We definitely don’t give because we feel obligated to. We give because we’re compelled to. It’s very different. We want to be a part of the amazing things God is doing in our city and around the globe!
The rewards are real.
In Mark 10, after the Rich Young Man leaves, the disciples essentially ask, “We’ve given up everything to follow you! What about us? What about this life?”
Jesus responds that he’s building a family. A family that will share and provide for one another.
In our time of need, we don’t need to be afraid. We’re supposed to rely on each other. We don’t have to live a life obsessed with taking care of ourselves when we have a community taking care of us.
At the present time your plenty will supply what they need, so that in turn their plenty will supply what you need. The goal is equality.
2 Corinthians a 8:14
Those are the benefits in this life. Not to mention the heavenly rewards that Jesus promises when we give.
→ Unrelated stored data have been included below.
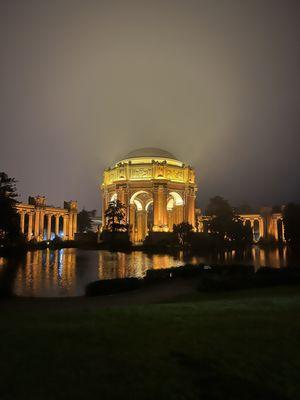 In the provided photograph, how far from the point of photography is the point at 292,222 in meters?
62.2

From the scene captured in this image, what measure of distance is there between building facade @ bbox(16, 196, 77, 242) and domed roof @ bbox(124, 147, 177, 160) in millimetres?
21102

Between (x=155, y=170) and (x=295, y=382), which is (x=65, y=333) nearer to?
(x=295, y=382)

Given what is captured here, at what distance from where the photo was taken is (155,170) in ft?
251

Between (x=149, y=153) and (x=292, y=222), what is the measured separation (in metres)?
35.5

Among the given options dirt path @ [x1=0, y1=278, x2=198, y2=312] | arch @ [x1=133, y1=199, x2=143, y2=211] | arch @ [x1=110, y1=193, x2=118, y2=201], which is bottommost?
dirt path @ [x1=0, y1=278, x2=198, y2=312]

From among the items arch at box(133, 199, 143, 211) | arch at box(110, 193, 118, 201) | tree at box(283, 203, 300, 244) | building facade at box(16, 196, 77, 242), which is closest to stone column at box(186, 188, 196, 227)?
arch at box(133, 199, 143, 211)

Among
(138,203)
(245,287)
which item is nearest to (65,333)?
(245,287)

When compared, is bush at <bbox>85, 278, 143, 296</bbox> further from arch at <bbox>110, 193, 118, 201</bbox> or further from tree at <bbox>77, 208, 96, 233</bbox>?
tree at <bbox>77, 208, 96, 233</bbox>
Store your treasures in heaven, where moths and rust cannot destroy, and thieves do not break in and steal.
Heavenly treasures are the best investment ever. Forget your diversified portfolio here on earth. Jesus wants to give us a different kind of treasure. It’s almost self-serving. In the end we get something that’s even better than money. Which do you want? Short term or long term? Even those of us who still struggle with selfishness should see the wisdom in a good investment like that.
The greatest feeling on earth is being absolutely sure that you just connected with God and it was real. When that happens, it’s a good idea to just surrender your fears and listen to him. That’s the coolest thing about giving – God meets you when you give. Radical trust and radical giving go hand in hand.
We don’t have it all figured out.
Josh and I are trying to follow where God leads and be willing to give as he tells us. But we don’t have all the answers. We felt the specific call several years ago to move into the city and open up our home as a place of rest. The results of this have been overwhelming abundance and contentment. It doesn’t feel like a sacrifice to be in the right place at the right time, following God’s call.
This is just the beginning. I’m encouraged and challenged by others who are out there giving up far more than we ever have.
I know businessmen who have given away their companies because they wanted to serve the poor and needy instead of work long hours.
I know several families who have left their comfortable suburban homes to move to the worst parts of the city in order to help restore safe communities.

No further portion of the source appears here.